- Born: March 13, 1861 Avery, Ohio
- Died: July 22, 1929 (aged 68)
- Education: University of Michigan School of Dentistry
- Known for: first orthodontist in Washington D.C, developed Hawley retainer
- Medical career
- Profession: dentist
- Institutions: University of Michigan School of Dentistry
- Sub-specialties: orthodontics

= Charles A. Hawley =

American orthodontist (1861–1929)

Charles Augustus Hawley (March 13, 1861 – July 22, 1929) was an American orthodontist who developed the Hawley retainer which is used in the field of orthodontics.
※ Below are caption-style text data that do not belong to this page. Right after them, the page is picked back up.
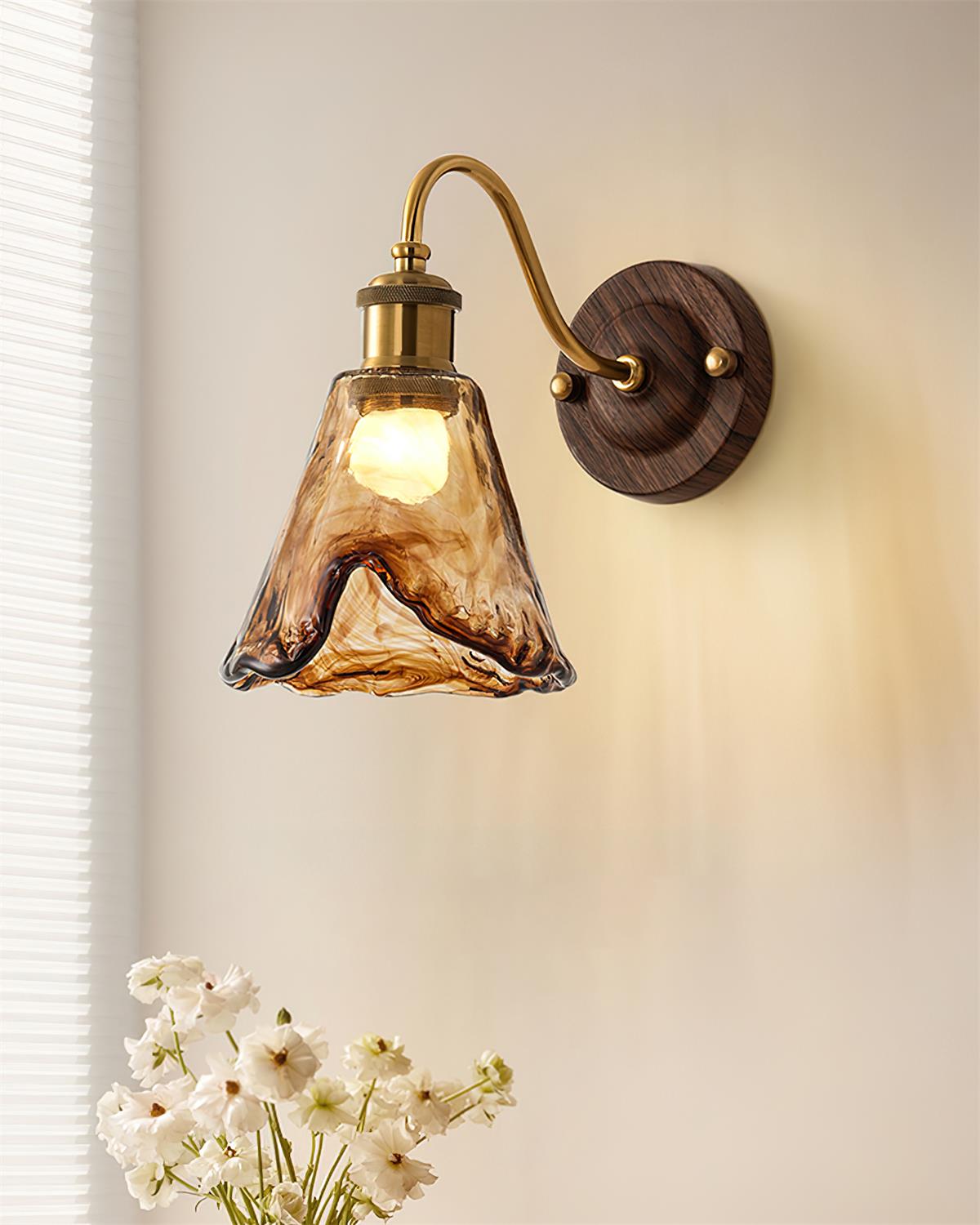 Wall Lamp Amber Glass Shade Walnut Gold Vintage Modern Sconce | ventumra
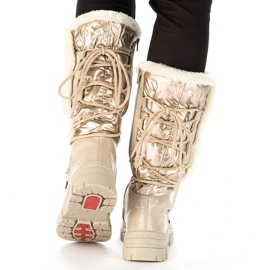Botas de nieve impermeables de mujer en color beige alto Rieker Z1083-62 4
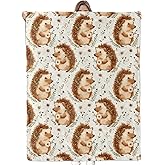 Bidesk Adorable Hedgehog & Daisies Blanket Ultra-Soft Flannel Throw Blanket, Cozy & Warm Yet Lightweight Blankets for Couch, Bed, Travel, Fuzzy Outdoor Comfort Wrap, for Women Adults Kids 60"x50"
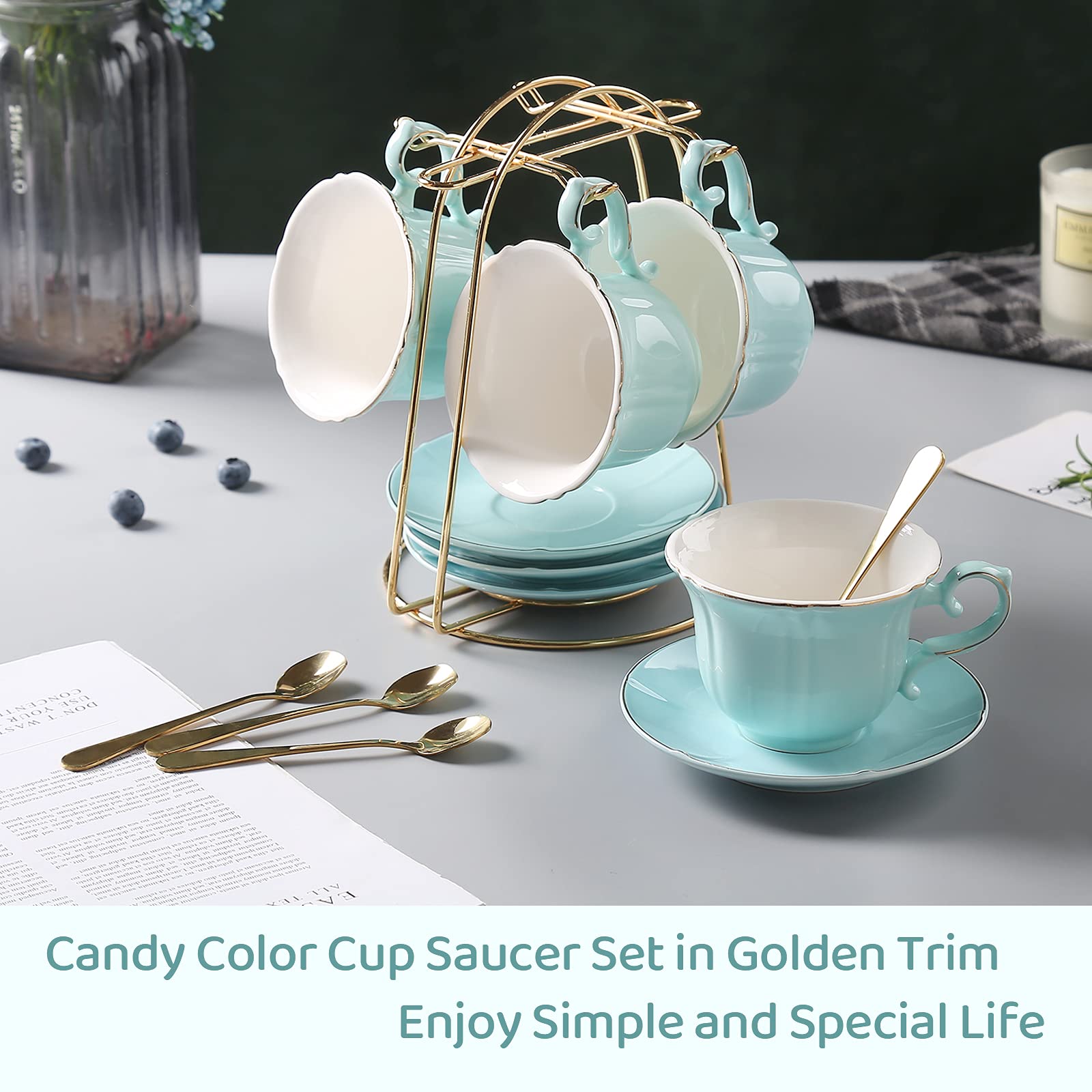 DUJUST Tea Cups and Saucers Set of 4 (8 OZ), Candy Color Tea Cup Set with Golden Trim, Petal Edge Coffee Cups with Metal Stand, Simple Style Porcelain
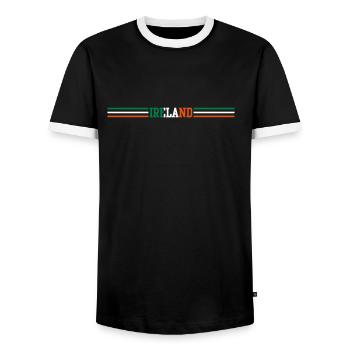 ireland_stripes - T-shirt contrasté Homme - noir/blanc - Devant - AI Model Female 172 light (172cm) & AI Model Male 178 light (178cm)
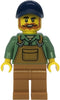 Farmer - Male, Medium Nougat Overalls over Sand Green Shirt, Medium Nougat Legs, Dark Blue Cap, Beard (cty1851)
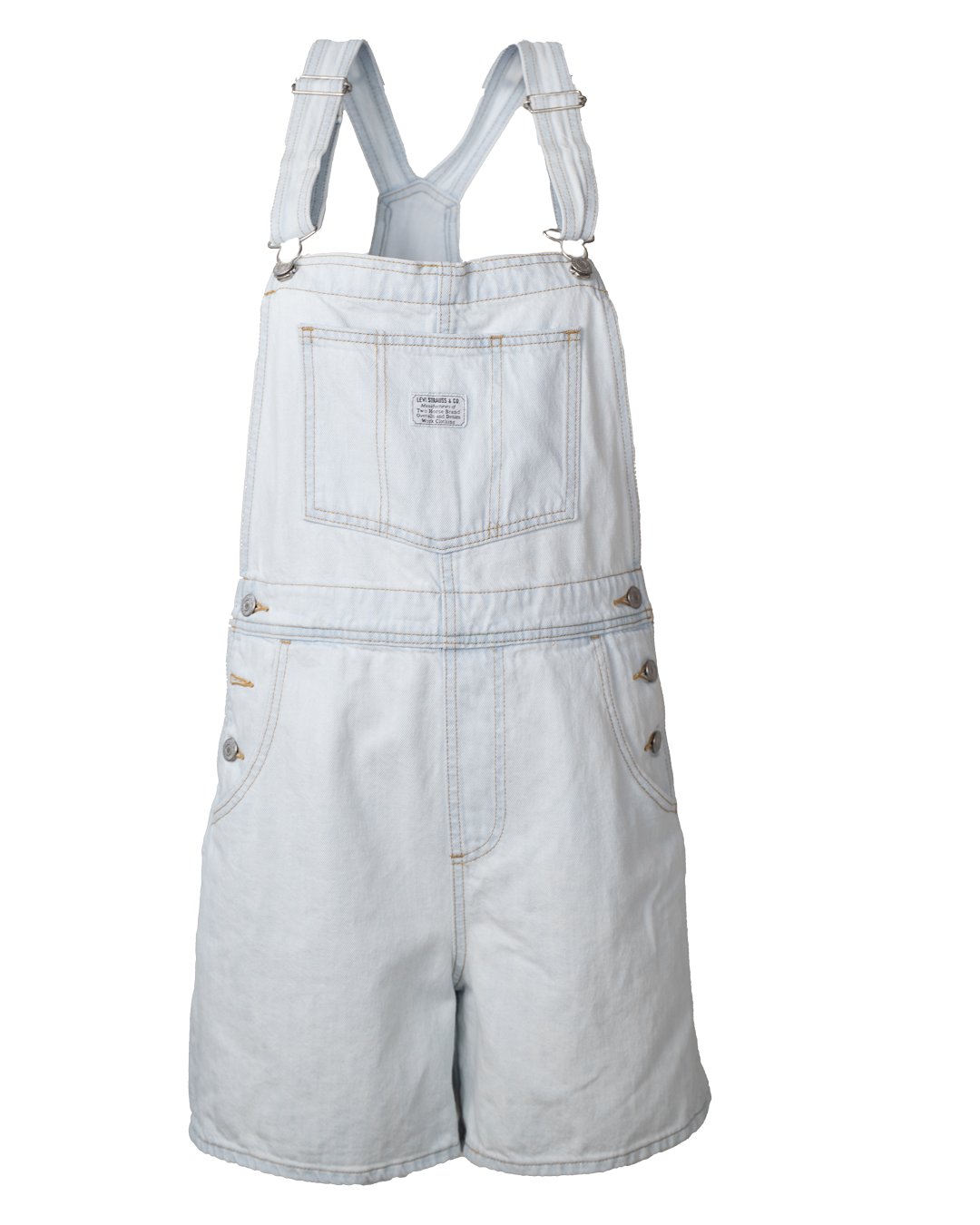 Salopette Corta Donna Levi's in Denim Chiarissimo Sbiadito Vintage con Tab Rosso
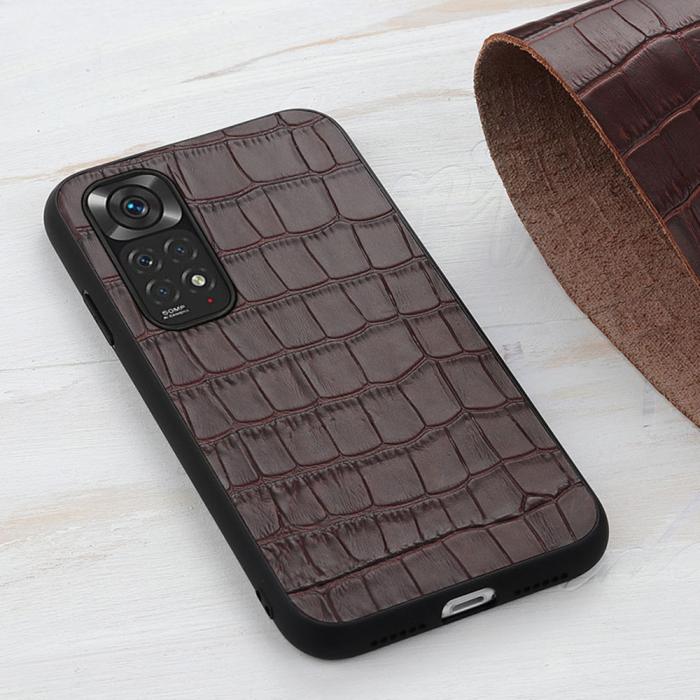 Bild 3, Xiaomi Redmi Note 11 4G Skal Äkta Läder Krokodil Textur Brun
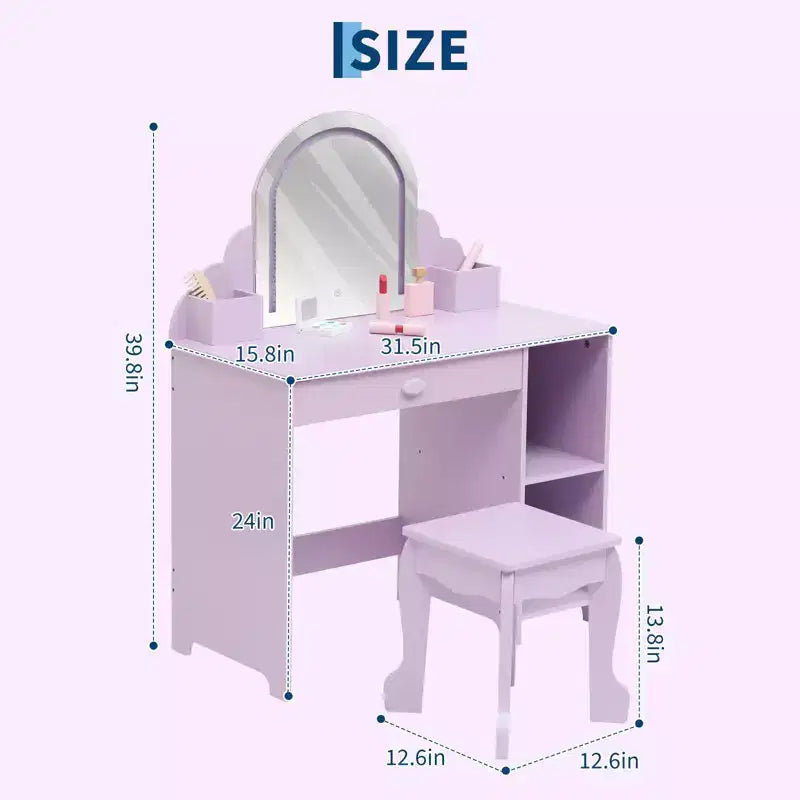Kids Vanity with Lighted Mirror & Stool, 2 In 1 Makeup Vanity with Storage Drawer & Shelves for Girls 3-9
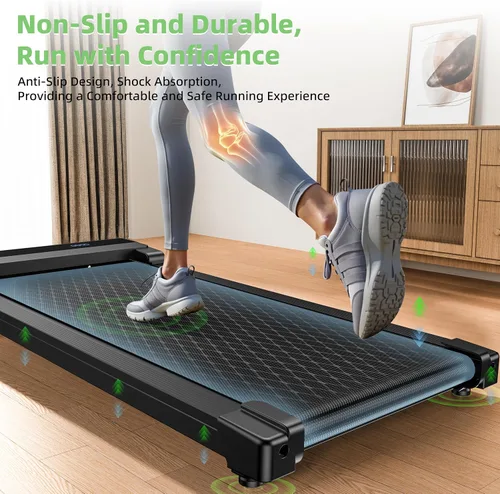 Vista 11 de Walking Pad Treadmill with 5% Incline - Under Desk Running Machine Mat Pads for Home Office Portable Small Compact Quiet Flat Indoor Magnetic Negro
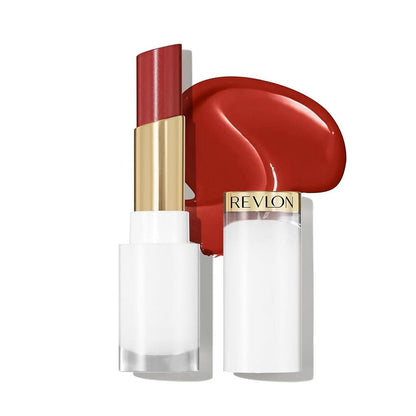 Revlon lipstick with red shade on a white background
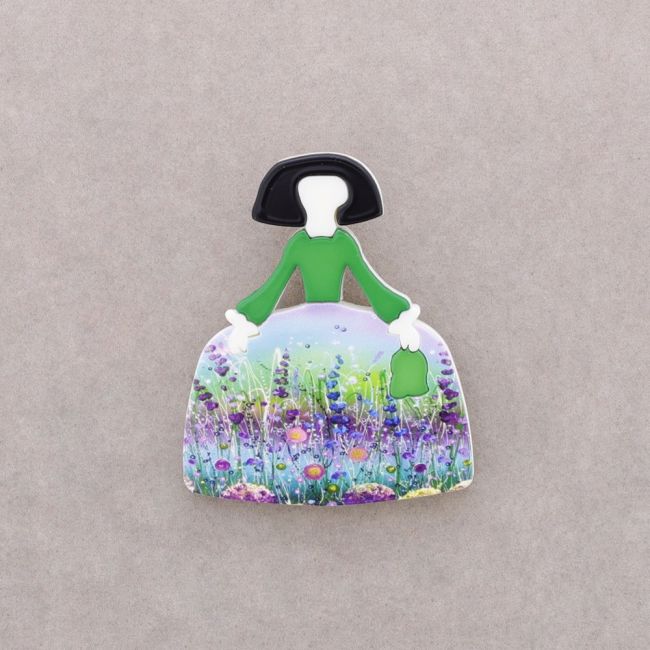 BROCHE MENINA RESINA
He attended Angle School of Orthodontia and graduated in 1905.

==Life==
He was born in Avery, Ohio in 1861. He attended high school in Columbus, Ohio and then attended Ohio State University for his college degree. He then attended University of Michigan School of Dentistry and graduated in 1893. He then became the Professor of Operative Faculty soon after graduation. He was one of the first people to have used nitrous oxide as an anesthetic for the removal of teeth. He attended Angle School of Orthodontia and graduated in 1905. He moved to Washington, D.C. after and became the first person to specialize in orthodontics in that city.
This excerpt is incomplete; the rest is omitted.